While college students are not completely siding with Republicans, they are certainly not pointing all fingers in their direction when distributing blame for the shut down. At least they are on the right track. This must be a disappointing shock to liberal indoctrination mill college campuses. Students are starting to think for themselves when it comes to liberal shenanigans.
And yes, they still show some signs of liberal leanings, but they are less enamored with leftist rhetoric and funny business. Here’s what they had to say:
Although the shutdown came to a close Monday after 69 hours, the political blame game has only just begun. Republicans were quick to label the event “The Schumer Shutdown,” blaming Senate Minority Leader Chuck Schumer, while Democrats sought to place the blame on President Trump and Republican leadership.

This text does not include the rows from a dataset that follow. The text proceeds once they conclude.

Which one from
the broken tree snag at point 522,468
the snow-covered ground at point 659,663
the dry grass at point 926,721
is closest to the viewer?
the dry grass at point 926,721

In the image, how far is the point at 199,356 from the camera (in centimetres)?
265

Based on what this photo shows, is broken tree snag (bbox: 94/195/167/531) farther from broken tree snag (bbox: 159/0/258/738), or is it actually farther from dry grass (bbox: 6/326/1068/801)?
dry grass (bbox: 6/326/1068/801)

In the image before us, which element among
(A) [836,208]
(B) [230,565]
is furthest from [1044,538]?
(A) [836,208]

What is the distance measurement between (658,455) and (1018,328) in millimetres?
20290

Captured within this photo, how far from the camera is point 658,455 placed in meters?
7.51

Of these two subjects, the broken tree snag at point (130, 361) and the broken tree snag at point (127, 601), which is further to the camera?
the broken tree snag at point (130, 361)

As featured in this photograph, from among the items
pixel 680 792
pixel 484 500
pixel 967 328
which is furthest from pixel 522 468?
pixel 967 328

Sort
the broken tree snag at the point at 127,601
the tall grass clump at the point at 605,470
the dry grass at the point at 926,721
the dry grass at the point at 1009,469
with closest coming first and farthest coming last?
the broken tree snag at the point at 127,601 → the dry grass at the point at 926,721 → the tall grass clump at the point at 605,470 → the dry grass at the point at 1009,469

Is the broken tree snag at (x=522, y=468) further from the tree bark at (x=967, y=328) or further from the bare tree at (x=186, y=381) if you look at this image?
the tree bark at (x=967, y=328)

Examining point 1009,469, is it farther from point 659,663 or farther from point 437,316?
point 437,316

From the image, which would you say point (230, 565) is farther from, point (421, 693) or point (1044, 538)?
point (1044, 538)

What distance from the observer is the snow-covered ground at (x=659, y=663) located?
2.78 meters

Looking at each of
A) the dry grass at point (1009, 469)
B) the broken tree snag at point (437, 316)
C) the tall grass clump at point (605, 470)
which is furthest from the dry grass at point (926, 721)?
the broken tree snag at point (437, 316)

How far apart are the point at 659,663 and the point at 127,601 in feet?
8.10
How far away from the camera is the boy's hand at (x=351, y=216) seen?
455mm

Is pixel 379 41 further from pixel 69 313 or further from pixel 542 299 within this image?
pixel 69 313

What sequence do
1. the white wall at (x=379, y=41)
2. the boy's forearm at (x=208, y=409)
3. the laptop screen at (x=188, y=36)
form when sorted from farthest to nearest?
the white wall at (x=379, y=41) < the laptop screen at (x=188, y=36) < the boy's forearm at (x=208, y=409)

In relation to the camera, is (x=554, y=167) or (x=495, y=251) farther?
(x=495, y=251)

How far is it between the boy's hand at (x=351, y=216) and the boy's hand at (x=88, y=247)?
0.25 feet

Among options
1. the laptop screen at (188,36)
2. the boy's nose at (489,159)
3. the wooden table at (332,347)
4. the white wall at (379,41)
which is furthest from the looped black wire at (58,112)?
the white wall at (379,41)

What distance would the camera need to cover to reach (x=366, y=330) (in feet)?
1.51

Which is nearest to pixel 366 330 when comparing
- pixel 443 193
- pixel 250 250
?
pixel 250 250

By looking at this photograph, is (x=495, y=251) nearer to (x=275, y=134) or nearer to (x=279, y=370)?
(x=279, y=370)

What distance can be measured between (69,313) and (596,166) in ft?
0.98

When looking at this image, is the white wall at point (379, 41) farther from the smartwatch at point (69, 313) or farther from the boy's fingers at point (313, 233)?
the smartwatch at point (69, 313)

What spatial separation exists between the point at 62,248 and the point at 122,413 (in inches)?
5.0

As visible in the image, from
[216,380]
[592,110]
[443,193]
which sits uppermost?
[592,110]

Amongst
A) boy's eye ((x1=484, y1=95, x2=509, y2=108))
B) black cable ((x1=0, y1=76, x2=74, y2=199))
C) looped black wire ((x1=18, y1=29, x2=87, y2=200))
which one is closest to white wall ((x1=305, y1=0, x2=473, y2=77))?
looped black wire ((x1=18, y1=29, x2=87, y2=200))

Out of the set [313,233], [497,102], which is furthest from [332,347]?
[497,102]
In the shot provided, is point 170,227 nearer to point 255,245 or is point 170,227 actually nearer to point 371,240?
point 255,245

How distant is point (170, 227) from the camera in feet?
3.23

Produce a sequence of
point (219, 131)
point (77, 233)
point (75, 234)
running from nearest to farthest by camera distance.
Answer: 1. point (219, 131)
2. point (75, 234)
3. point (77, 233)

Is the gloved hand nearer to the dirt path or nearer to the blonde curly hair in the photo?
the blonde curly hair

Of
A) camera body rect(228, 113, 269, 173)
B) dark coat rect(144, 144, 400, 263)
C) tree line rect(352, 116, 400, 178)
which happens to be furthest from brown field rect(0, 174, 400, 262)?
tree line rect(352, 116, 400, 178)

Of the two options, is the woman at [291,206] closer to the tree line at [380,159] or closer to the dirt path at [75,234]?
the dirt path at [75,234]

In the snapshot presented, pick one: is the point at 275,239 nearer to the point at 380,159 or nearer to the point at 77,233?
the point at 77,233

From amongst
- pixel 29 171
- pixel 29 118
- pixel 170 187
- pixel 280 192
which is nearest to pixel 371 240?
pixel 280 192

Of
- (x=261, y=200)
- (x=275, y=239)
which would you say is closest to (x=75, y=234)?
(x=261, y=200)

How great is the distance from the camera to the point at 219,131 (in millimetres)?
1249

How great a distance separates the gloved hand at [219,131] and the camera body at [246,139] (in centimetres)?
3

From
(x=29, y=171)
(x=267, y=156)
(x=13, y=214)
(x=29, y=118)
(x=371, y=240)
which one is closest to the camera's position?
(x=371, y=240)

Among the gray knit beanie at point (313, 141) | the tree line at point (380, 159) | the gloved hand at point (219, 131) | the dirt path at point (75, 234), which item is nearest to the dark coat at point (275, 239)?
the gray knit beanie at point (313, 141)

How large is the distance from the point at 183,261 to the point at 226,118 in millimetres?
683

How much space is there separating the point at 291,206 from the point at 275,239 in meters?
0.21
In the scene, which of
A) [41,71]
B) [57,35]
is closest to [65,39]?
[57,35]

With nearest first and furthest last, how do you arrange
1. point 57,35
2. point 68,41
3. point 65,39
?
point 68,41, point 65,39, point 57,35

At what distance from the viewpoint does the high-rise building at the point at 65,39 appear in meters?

With the 2018 midterm elections rapidly approaching, the question of who takes the blame amongst the electorate is an important one.
… Wanting to know if that same resentment for obstructionist tactics in Congress would be felt by millennials now that Democrats were the minority party, Campus Reform headed to NYU in Manhattan to ask a simple question: “Who do you blame for the shutdown?”

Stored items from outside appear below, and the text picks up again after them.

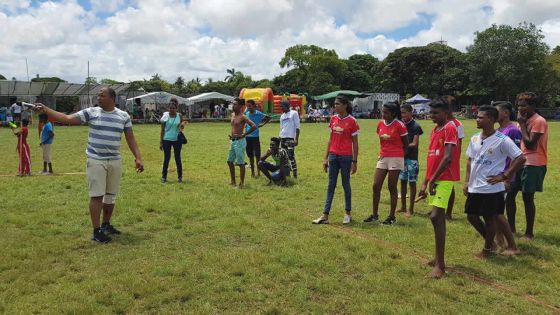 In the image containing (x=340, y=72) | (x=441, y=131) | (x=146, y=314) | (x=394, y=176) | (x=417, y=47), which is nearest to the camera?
(x=146, y=314)

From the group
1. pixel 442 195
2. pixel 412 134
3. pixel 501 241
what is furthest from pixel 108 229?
pixel 501 241

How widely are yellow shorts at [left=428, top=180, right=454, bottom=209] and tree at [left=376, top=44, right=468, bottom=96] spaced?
204ft

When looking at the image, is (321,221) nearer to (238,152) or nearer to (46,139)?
(238,152)

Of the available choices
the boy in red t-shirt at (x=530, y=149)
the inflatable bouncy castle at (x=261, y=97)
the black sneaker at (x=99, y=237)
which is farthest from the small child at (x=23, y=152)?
the inflatable bouncy castle at (x=261, y=97)

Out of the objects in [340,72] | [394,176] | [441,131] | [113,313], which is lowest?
[113,313]

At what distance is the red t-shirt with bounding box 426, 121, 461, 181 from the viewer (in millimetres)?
5426

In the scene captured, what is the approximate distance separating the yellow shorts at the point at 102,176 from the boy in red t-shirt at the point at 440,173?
390cm

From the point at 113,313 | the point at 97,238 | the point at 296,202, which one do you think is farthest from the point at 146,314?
the point at 296,202

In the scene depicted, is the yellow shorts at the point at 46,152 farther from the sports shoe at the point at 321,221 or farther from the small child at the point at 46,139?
the sports shoe at the point at 321,221

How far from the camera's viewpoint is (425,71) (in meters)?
68.9

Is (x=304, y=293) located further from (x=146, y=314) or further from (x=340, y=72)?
(x=340, y=72)

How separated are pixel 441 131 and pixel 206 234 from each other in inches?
134

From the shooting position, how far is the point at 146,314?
4188 millimetres

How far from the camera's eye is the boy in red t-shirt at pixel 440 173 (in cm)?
518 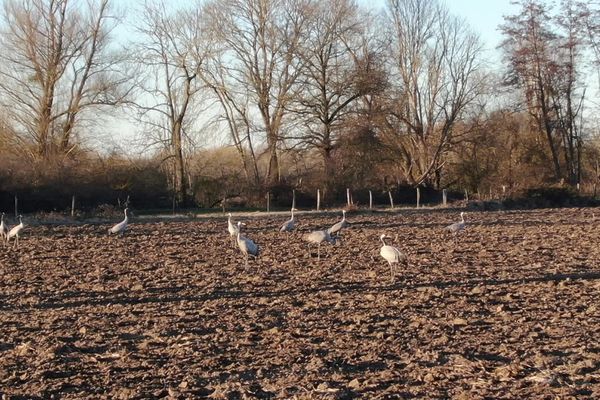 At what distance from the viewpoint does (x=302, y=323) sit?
1065 centimetres

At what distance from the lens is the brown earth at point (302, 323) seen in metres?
7.61

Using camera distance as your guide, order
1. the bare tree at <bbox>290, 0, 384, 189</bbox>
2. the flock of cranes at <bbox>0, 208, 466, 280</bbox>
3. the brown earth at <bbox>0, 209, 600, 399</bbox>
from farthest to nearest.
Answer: the bare tree at <bbox>290, 0, 384, 189</bbox> < the flock of cranes at <bbox>0, 208, 466, 280</bbox> < the brown earth at <bbox>0, 209, 600, 399</bbox>

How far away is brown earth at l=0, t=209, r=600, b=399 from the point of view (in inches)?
299

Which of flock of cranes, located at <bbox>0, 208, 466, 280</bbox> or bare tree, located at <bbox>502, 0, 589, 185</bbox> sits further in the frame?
bare tree, located at <bbox>502, 0, 589, 185</bbox>

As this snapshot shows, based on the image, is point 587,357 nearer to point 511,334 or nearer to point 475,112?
point 511,334

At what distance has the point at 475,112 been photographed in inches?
1953

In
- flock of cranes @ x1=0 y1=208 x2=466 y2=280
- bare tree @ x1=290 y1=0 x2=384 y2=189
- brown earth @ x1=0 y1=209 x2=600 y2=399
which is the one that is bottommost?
brown earth @ x1=0 y1=209 x2=600 y2=399

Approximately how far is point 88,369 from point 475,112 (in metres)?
43.6

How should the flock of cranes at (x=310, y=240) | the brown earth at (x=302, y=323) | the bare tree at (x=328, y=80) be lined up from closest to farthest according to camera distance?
the brown earth at (x=302, y=323), the flock of cranes at (x=310, y=240), the bare tree at (x=328, y=80)

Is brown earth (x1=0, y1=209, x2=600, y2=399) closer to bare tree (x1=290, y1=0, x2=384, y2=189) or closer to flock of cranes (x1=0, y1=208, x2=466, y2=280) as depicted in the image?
flock of cranes (x1=0, y1=208, x2=466, y2=280)

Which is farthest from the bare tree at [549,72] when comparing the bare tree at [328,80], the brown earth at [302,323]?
the brown earth at [302,323]

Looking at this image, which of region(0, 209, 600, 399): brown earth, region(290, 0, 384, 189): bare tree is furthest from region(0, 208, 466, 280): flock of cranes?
region(290, 0, 384, 189): bare tree

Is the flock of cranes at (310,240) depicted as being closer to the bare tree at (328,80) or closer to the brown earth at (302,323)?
the brown earth at (302,323)

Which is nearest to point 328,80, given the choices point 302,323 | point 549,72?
point 549,72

It quickly became clear that the students weren’t ready to place the blame solely on either party, regardless of who is currently in power, saying that Republican and Democrat leaders are both responsible for the situation.

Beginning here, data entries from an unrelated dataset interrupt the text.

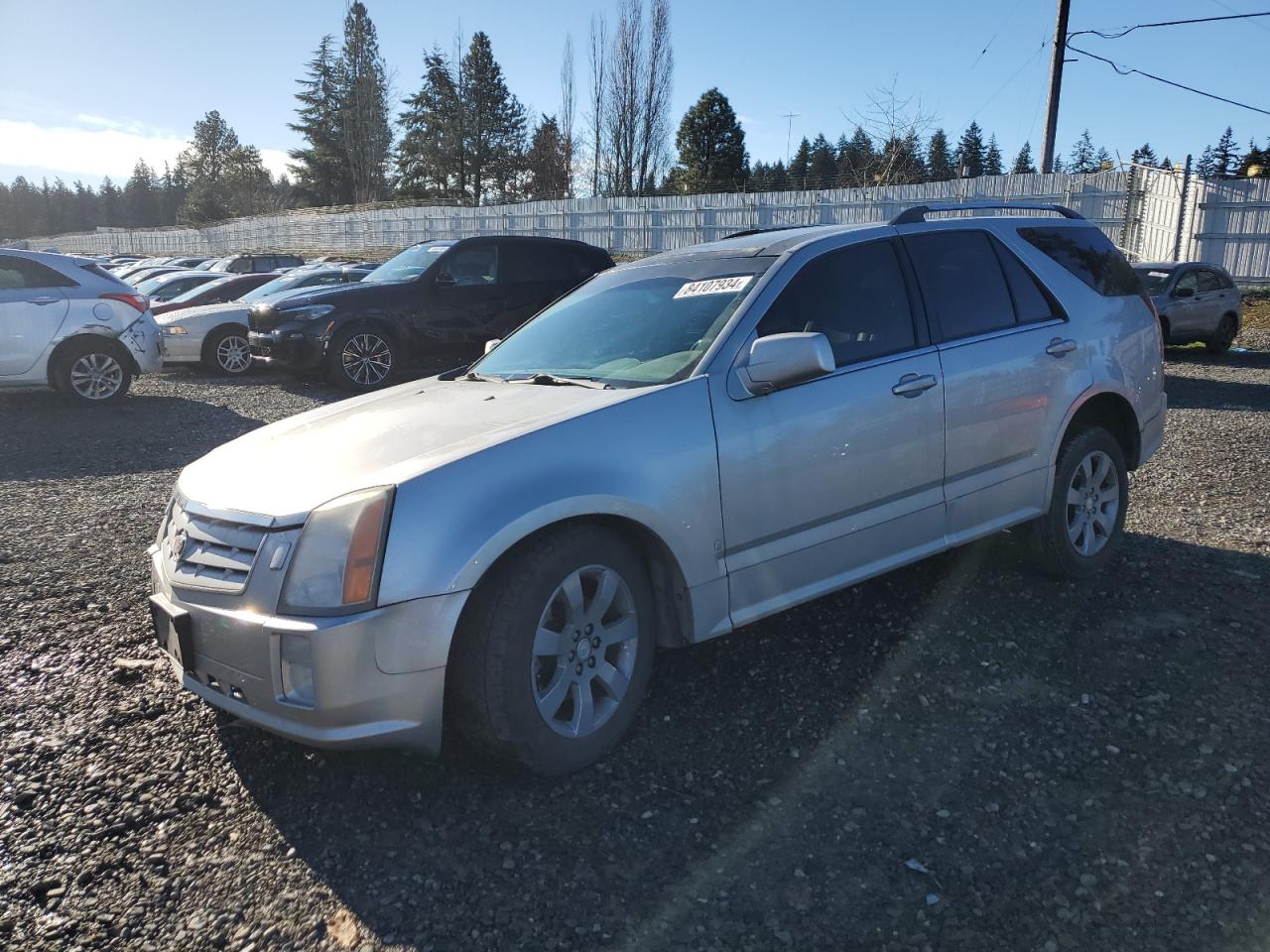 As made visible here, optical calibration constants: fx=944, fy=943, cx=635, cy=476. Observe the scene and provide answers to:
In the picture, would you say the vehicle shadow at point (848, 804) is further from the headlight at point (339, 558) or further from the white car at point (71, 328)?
the white car at point (71, 328)

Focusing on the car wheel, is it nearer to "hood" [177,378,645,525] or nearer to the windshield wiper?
the windshield wiper

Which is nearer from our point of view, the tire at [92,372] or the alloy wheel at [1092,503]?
the alloy wheel at [1092,503]

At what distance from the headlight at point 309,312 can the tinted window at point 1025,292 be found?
28.5 feet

“I mean, the government in general is pretty dysfunctional, so there’s equal blame on both sides,” one student responded, with a classmate concurring that “they sort of both lost…the people didn’t really win.”
“The fact that people aren’t talking to each other; working across the line…I think everyone is a little bit to blame for it,” another student opined.
Yes, it’s not a total shift to the right, but it’s a start. And when millennials begin to recognize swamp creatures for what they are, perhaps the left will realize they don’t have the youth vote as sewn up as they have had in the past. Good news for us in the coming 2018 elections.
Now if we could just eliminate the “I mean,” and the “like” from their vocabulary, we might just have hopes for an articulate future.